There are a few possibilities, though none seem to be perfect. You need a wheel with a 5-stud pcd (Pitch circle diameter) of 112mm. This matches a few fords, some Mercedes and some of the bigger Audi and VW saloons. You can also get adapters to fit Porsche wheels to a bus- some folks say that adapters are always a bad idea. Others that good adapters are OK, and the Fuchs wheels are so good (strong, light) that the combination is worthwhile. Genuine Fuchs wheels are expensive, copies are dangerous.
Unfortunately you also need to get the relationship between the tyre centreline and the hub correct. For a bus the "offset" is 41mm. Some of the Mercedes wheels are correct. Some are close (I don't know how close it needs to be) and I don't know about the others.
Finally, few of these cars have a hub that's as big as a bus and the profile of the lugnut seat needs to match. Depending on your situation, you might be best to work out how big you want to go, check you can get tyres to match and then hunt around some breakers yards for wheels that fit.
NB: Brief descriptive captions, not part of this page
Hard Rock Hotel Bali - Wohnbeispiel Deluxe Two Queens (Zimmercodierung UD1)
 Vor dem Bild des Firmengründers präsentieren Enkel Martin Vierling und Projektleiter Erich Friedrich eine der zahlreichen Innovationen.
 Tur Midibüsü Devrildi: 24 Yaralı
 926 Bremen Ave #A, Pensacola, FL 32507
Check the offset carefully before trying them and then make sure you can fit them OK.
You can, of course, buy new alloys from an aftermarket wheel supplier. If you go this route I would not trust the fitter to know what they are doing with a bus: even if they've fitted alloys to a bus before it was probably for someone who wanted them for show use not driving.
Finally, the steel rims that VW used are actually pretty good. They are lighter than many cheap alloys and lightness is a good thing in a wheel (unsprung weight).
I hope this is helpful, sorry it's so long but I still
feel I've left out a lot of important detail!!!